|Title||Combined impairments in vision, hearing and cognition are associated with greater levels of functional and communication difficulties than cognitive impairment alone: Analysis of interRAI data for home care and long-term care recipients in Ontario|
|Publication Type||Journal Article|
|Year of Publication||2018|
|Authors||Guthrie DM, Davidson JGS, Williams N, Campos J, Hunter K, Mick P, Orange JB, M. Pichora-Fuller K, Phillips NA, Savundranayagam MY, Wittich W|
OBJECTIVES: The objective of the current study was to understand the added effects of having a sensory impairment (vision and/or hearing impairment) in combination with cognitive impairment with respect to health-related outcomes among older adults (65+ years old) receiving home care or residing in a long-term care (LTC) facility in Ontario, Canada. METHODS: Cross-sectional analyses were conducted using existing data collected with one of two interRAI assessments, one for home care (n = 291,824) and one for LTC (n = 110,578).
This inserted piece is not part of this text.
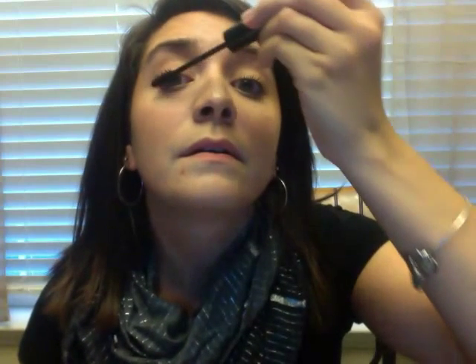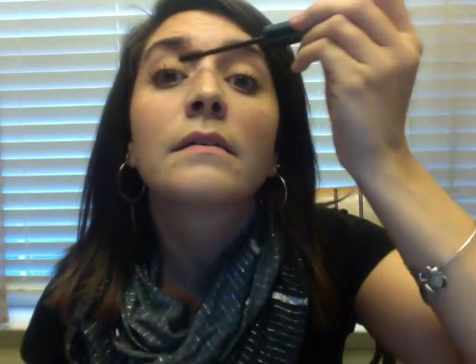I'm kind of a two-to-three coats girl myself, so you can apply as many as you want. I'll also do the bottom lashes a little bit. This mascara thickens, lengthens, and curls — I've always needed an eyelash curler, but I love this one because you don't really have to have one with it.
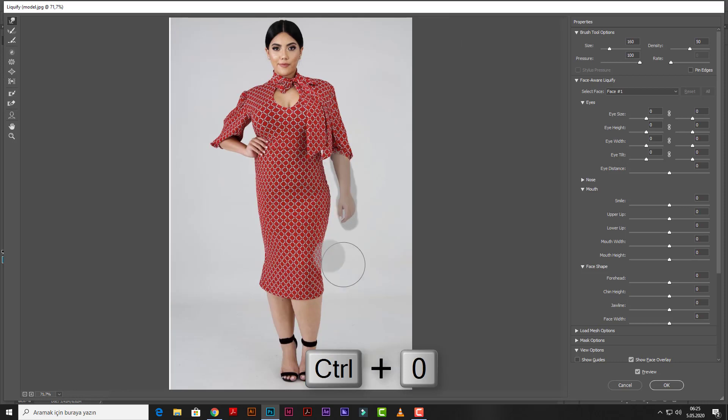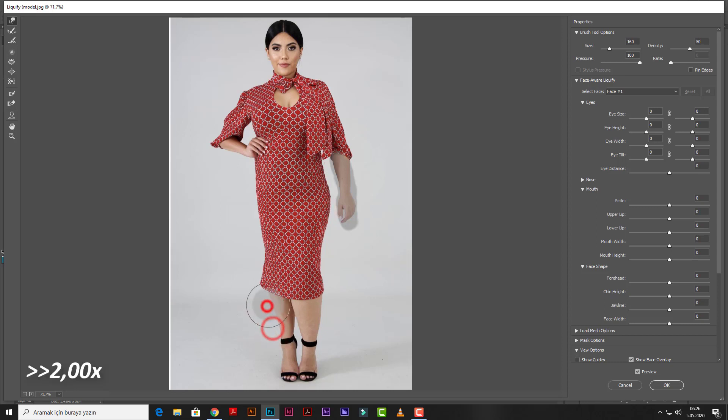We press Control and Zero to fit the model on screen. Keep going — when we do these operations we must be as careful as possible about the anatomy. Photoshop is great software for producing visual solutions like that, don't you think?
Items in the assessments were used to identify clients with single sensory impairments (e.g., vision only [VI], hearing only [HI]), dual sensory impairment (DSI; i.e., vision and hearing) and those with cognitive impairment (CI). We defined seven mutually exclusive groups based on the presence of single or combined impairments. RESULTS: The rate of people having all three impairments (i.e., CI+DSI) was 21.3% in home care and 29.2% in LTC. Across the seven groups, individuals with all three impairments were the most likely to report loneliness, to have a reduction in social engagement, and to experience reduced independence in their activities of daily living (ADLs) and instrumental ADLs (IADLs). Communication challenges were highly prevalent in this group, at 38.0% in home care and 49.2% in LTC. In both care settings, communication difficulties were more common in the CI+DSI group versus the CI-alone group. CONCLUSIONS: The presence of combined sensory and cognitive impairments is high among older adults in these two care settings and having all three impairments is associated with higher rates of negative outcomes than the rates for those having CI alone. There is a rising imperative for all health care professionals to recognize the potential presence of hearing, vision and cognitive impairments in those for whom they provide care, to ensure that basic screening occurs and to use those results to inform care plans.